PHOENIX — A forthcoming U.S. Supreme Court decision on Arizona's controversial immigration law — which some experts believe could uphold the most controversial aspects of the measure — won't end legal disputes on the matter and instead is likely to ignite renewed assaults by the law's opponents.
The court is evaluating the 2010 law on only the question of whether Arizona's attempt to fix its border problems is trumped by federal law. That means that opponents could still ask the courts to block enforcement of the law on other legal grounds.
For example, the high court isn't considering the possibility that racial profiling may arise from the law — because the Obama administration's lawsuit didn't challenge it on those grounds. The administration focused instead on whether federal law supersedes the state law, an issue known as "pre-emption."
"All the court is going to decide is the pre-emption issue," said Linton Joaquin, general counsel for the National Immigration Law Center, an advocacy group for low-income immigrants that's part of a coalition of opponents that filed a separate challenge. "But we think this law basically requires racial profiling by mandating that officers detain and investigate people that they have reasonable suspicions of being unauthorized."
The case was argued before the high court in April, and a ruling is expected by the end of June. Legal experts expect that the court likely will uphold Arizona's requirement that police check the immigration status of people they stop for other reasons; that provision was put on hold by a judge in July 2010 and hasn't yet been enforced. Less controversial parts of the law were allowed to take effect.
A decision in favor of Arizona could clear the way for other states to enforce immigration-check requirements and create an opening for states to take a larger role in immigration enforcement after mostly staying out of it for decades and letting the federal government handle it alone.

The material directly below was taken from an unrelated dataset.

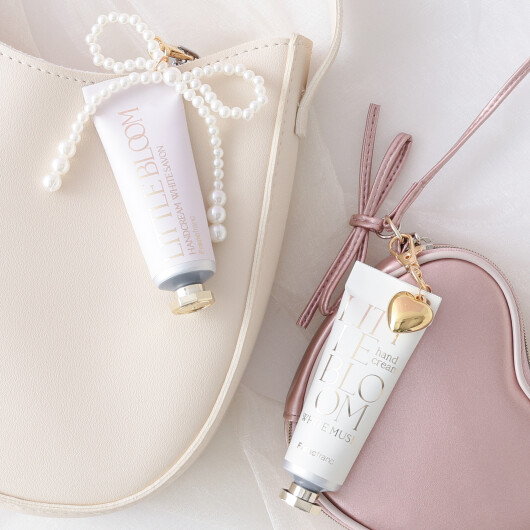 【2026 Spring Collection🦋】 持ち運びにもぴったりなハンドクリーム🎀🫧 　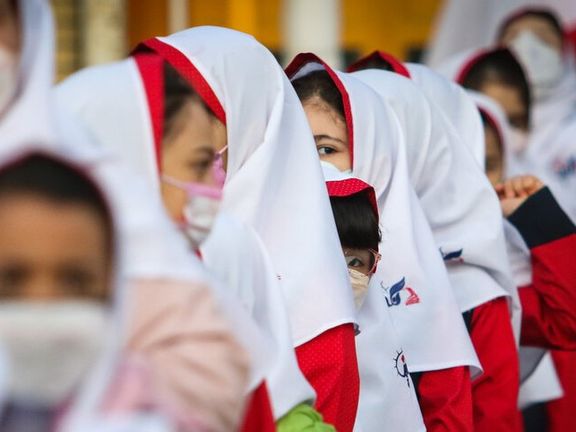 بازگشایی حضوری همه مدارس در ایران، با وجود هشدار مقامهای درمانی و صنفی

If Arizona wins at the Supreme Court, opponents say they likely would go back to lower courts to seek injunctions on other grounds before any provisions that win approval from the Supreme Court take effect.
They also may ask the courts to block enforcement of the law's most controversial parts by arguing that the law requires police to extend the length of time of traffic stops beyond the permitted time.
"We are preparing for the next step in case of a bad decision," said Andre Segura, an attorney for the American Civil Liberties Union, which also is fighting the law in court.